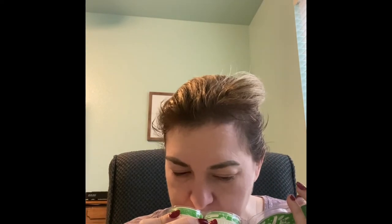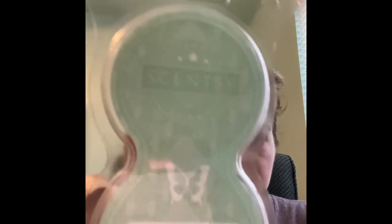I got a cocoa lime. This one doesn't smell as strong as the wax — the wax is very cocoa, very lime, almost like the rind of a lime with almost a bitter note. It does not smell like powdered lime, it does not smell artificial; it smells like real lime to me. Then she got bonfire beach, which is marshmallows, smoke, and like flint — it smells good.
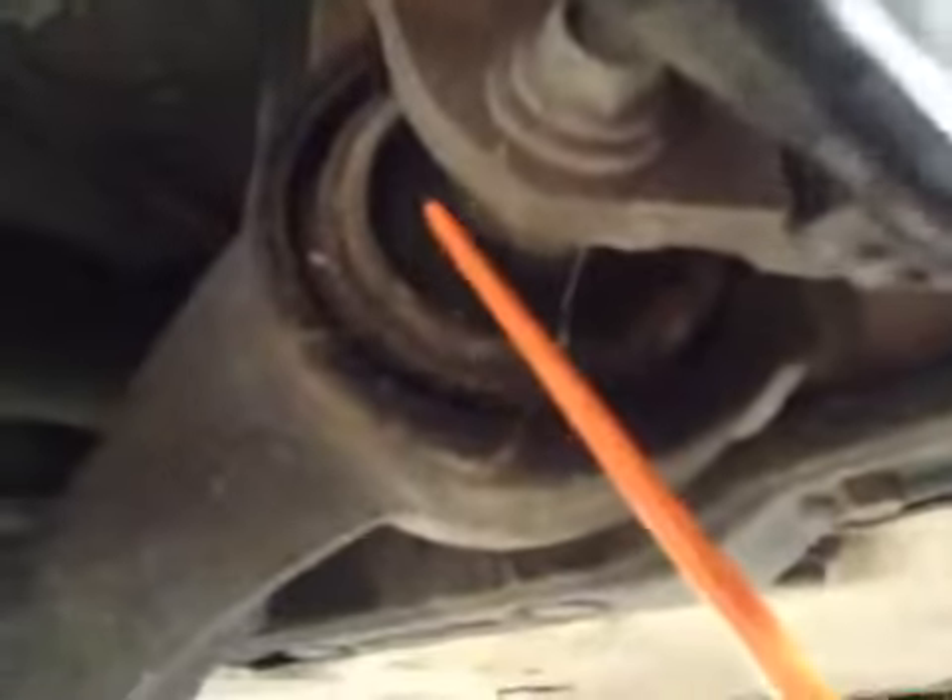On the driver side again, the front wishbone bushes are split here. You can see the split now. They require replacing. All the rest of the suspension components all look to be OK.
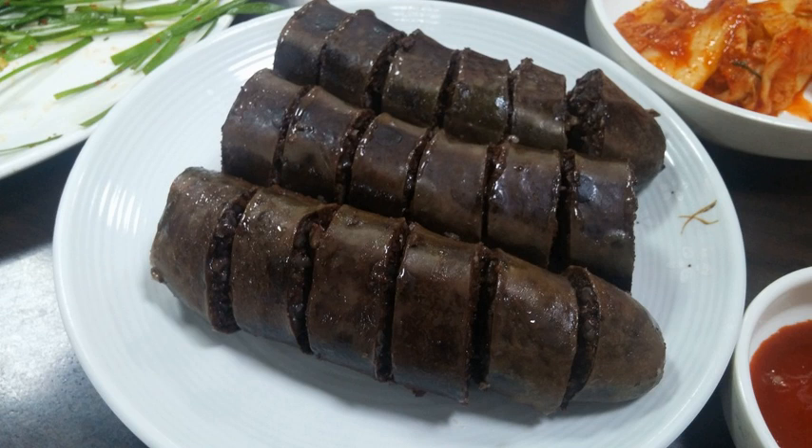Traditional varieties, as well as North Korean, Russian Korean, and Chinese Korean sundae fillings, include seonji, minced meat, rice, and vegetables.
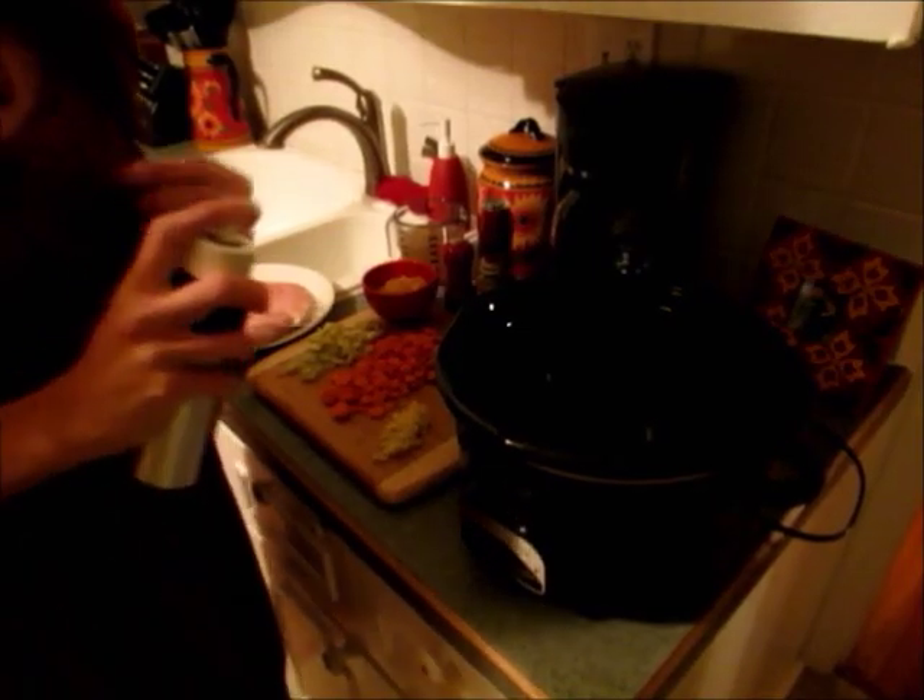Hi guys, this is Jen with 'How Jen Does It.' Today I wanted to share with you a slow cooker dinner. I love using the slow cooker — it's so quick and easy to just throw everything in and it does all the work for you, so when you get home you have dinner already. We use the slow cooker often; pretty much every Sunday we come home from church to a slow cooked meal. Today I'm going to share my chicken stew with cornmeal dumplings.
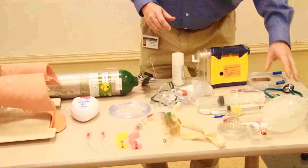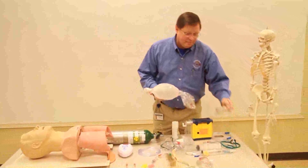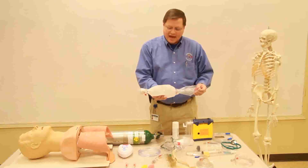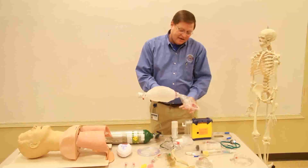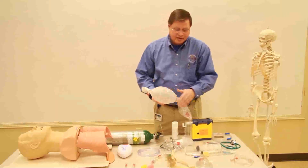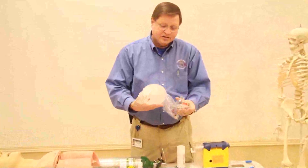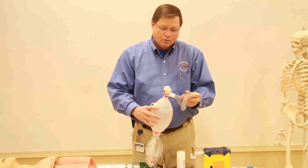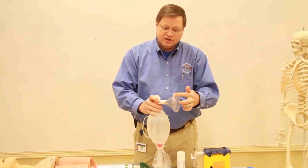The bag valve mask device is a self-expanding bag. It has the capability of being hooked up to oxygen. This reservoir needs to be continually filled so that when we squeeze the bag — it has a one-way valve on each side — the oxygen will be taken from this reservoir bag and fill this bag so we get near 100% oxygenation. The mask has to be clear at the top so you can see any vomitus, and it has to be very pliable. We put these together very quickly and easily, and this will actually rotate so you can go left or right side.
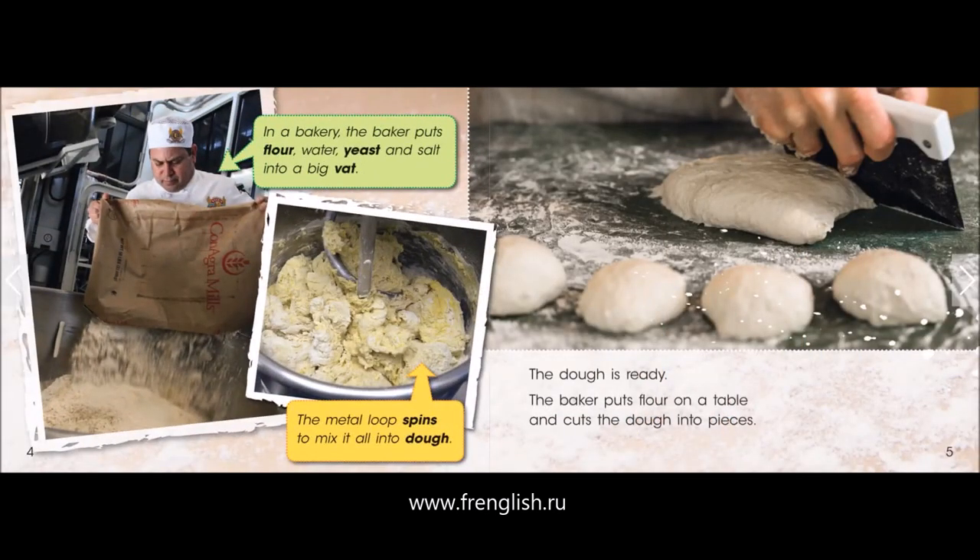In a bakery, the baker puts flour, water, yeast and salt into a big vat. The metal loop spins to mix it all into dough. The dough is ready.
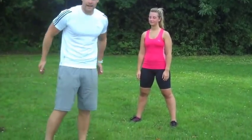Hey guys, here we go. So I've got Charlotte here today. We're going to teach a bodyweight squat. A squat is a really good exercise for your thighs and your bottom. And if you engage the right muscles, you can engage your core too, which is big muscles of the body, so it's great for fat loss.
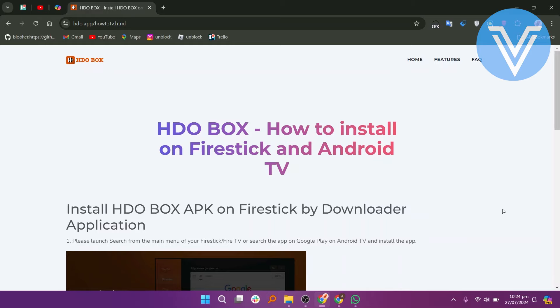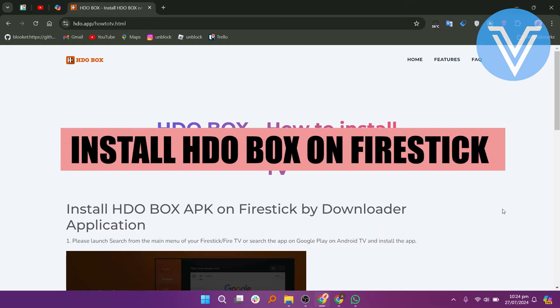Hello everyone and welcome to the channel. In this video, I will show you how to install an HDL box on Fire Stick.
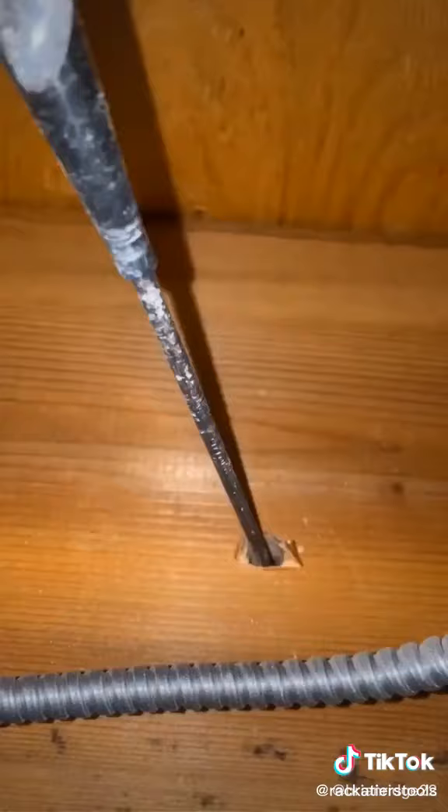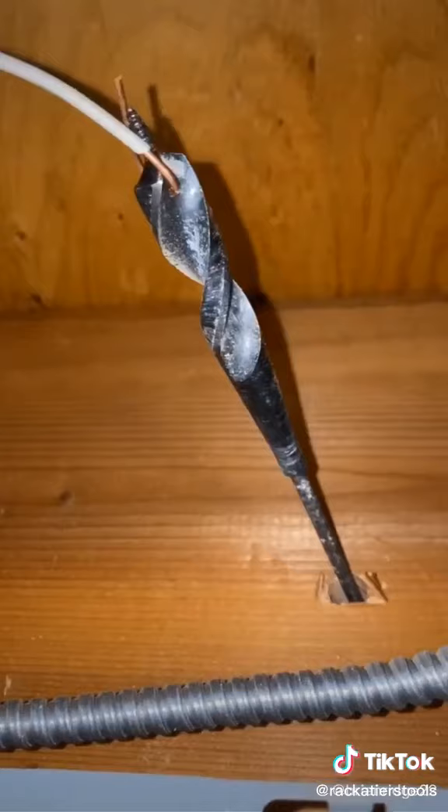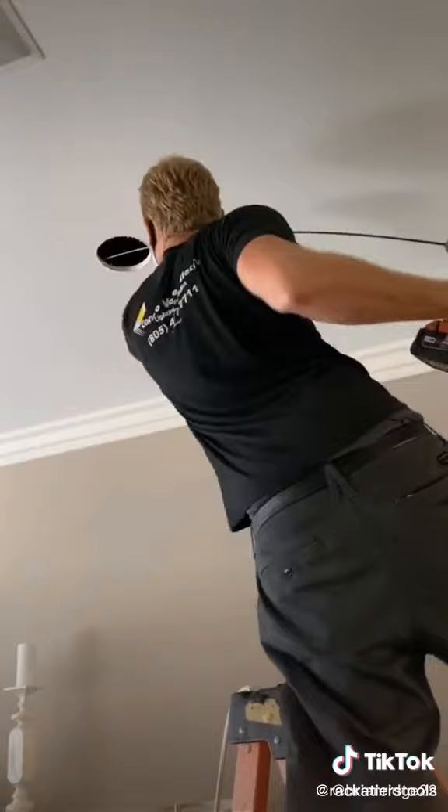I drilled with my six-foot long bit to the existing recess leg. With using the entire six feet — if you know how to drill with a long bit, it stays low. I tied a pull wire to the end of the bit, we're going to pull it back, tie the Romex, and pull the pull wire back.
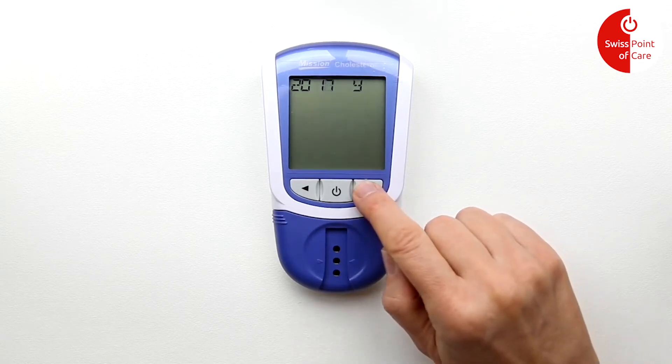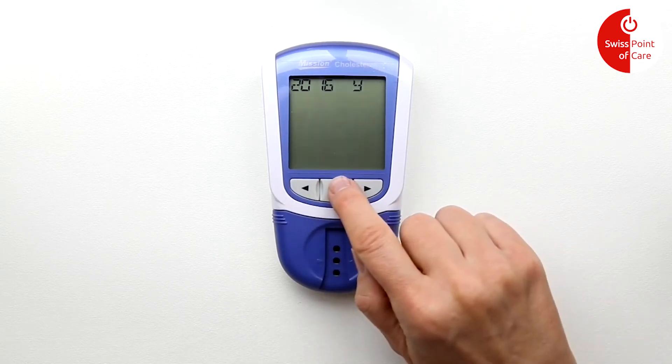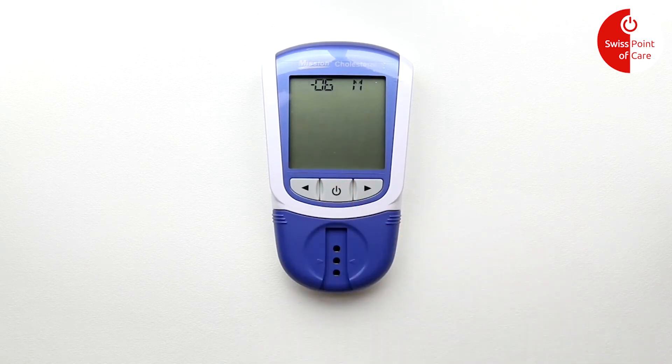Use the arrows to set the correct year. Then press the on/off button again to save and continue.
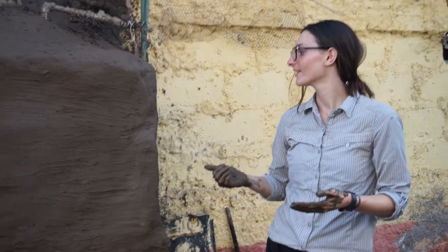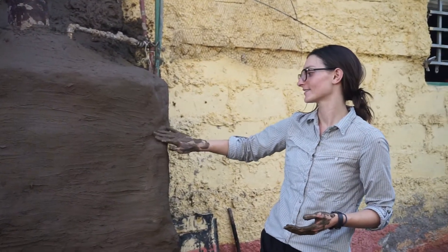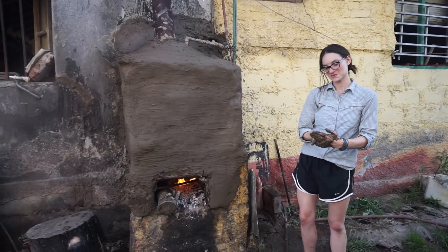So if you want a hot shower, you have to go outside and start a fire, right? And wait about 20 minutes. Are you going to be okay with that? I think so.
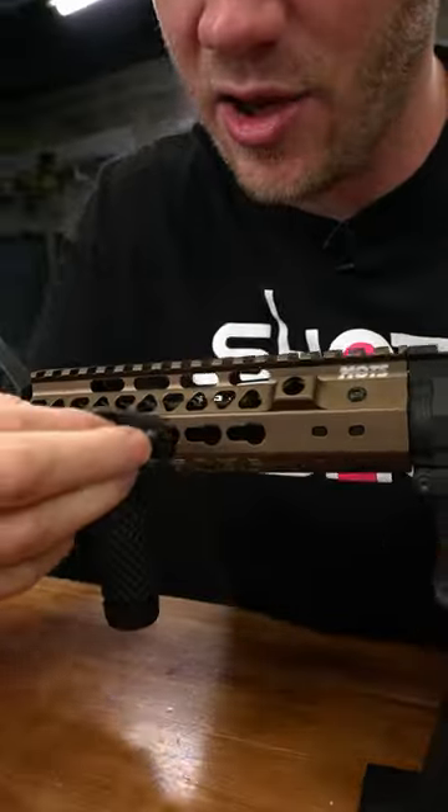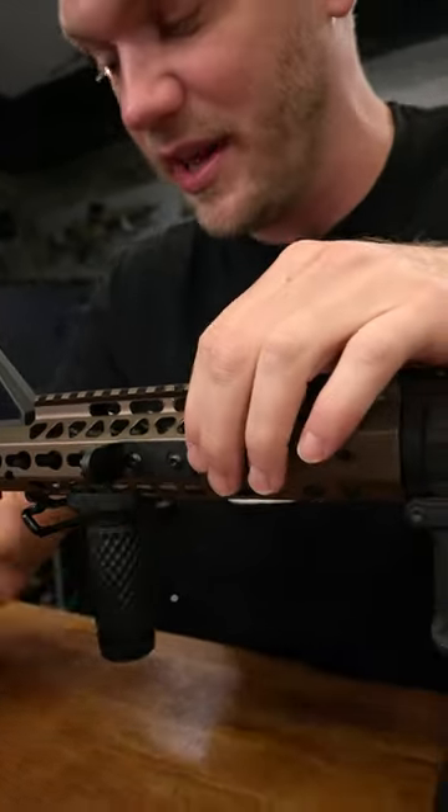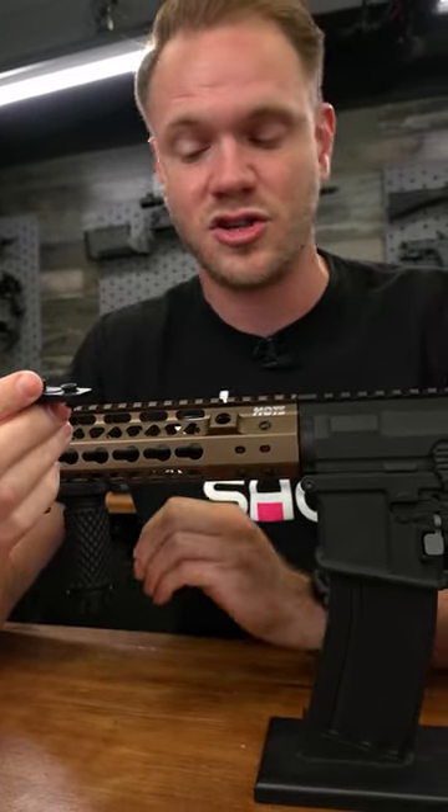To install them, you simply take your attachment, insert it into the back of the keyway, slide it forward and into place, and then tighten it down. It's very secure, very minimalist, and there are a variety of accessories to attach to it.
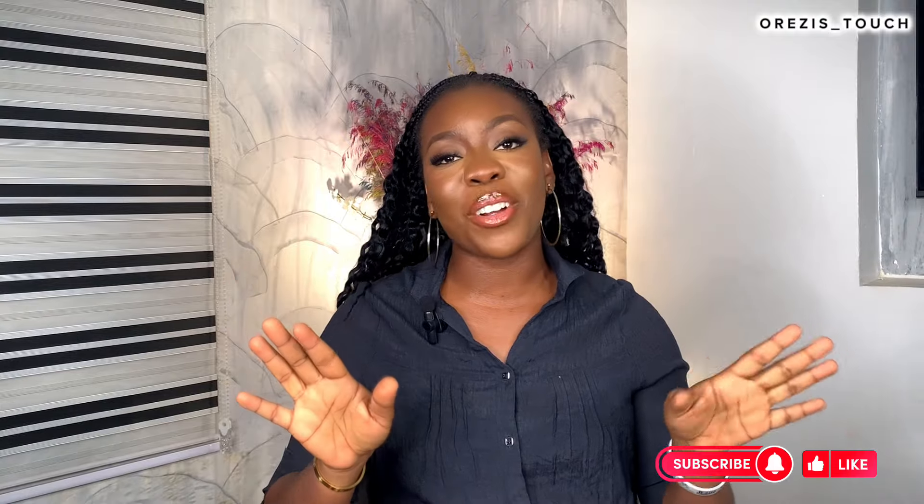Hello guys, welcome back to my channel. My name is Orezi Egrefa. If this is your first time here, you're welcome. On this channel I share makeup tutorials, tips and tricks, and I also share vlogs. This video is the continuation of the series: how to become a professional makeup artist from scratch in 2024. As is our tradition for this series, we always start with a prayer before we continue.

» Exercise objective
An exact copy of the lines above from the one with "Use the arrows" up to and including the one with "To install them, you" is required; reproduce only those lines, omitting all pictures.

» Written answer
Use the arrows to set the correct year. Then press the on/off button again to save and continue.
So if you want a hot shower, you have to go outside and start a fire, right? And wait about 20 minutes. Are you going to be okay with that? I think so.
To install them, you simply take your attachment, insert it into the back of the keyway, slide it forward and into place, and then tighten it down. It's very secure, very minimalist, and there are a variety of accessories to attach to it.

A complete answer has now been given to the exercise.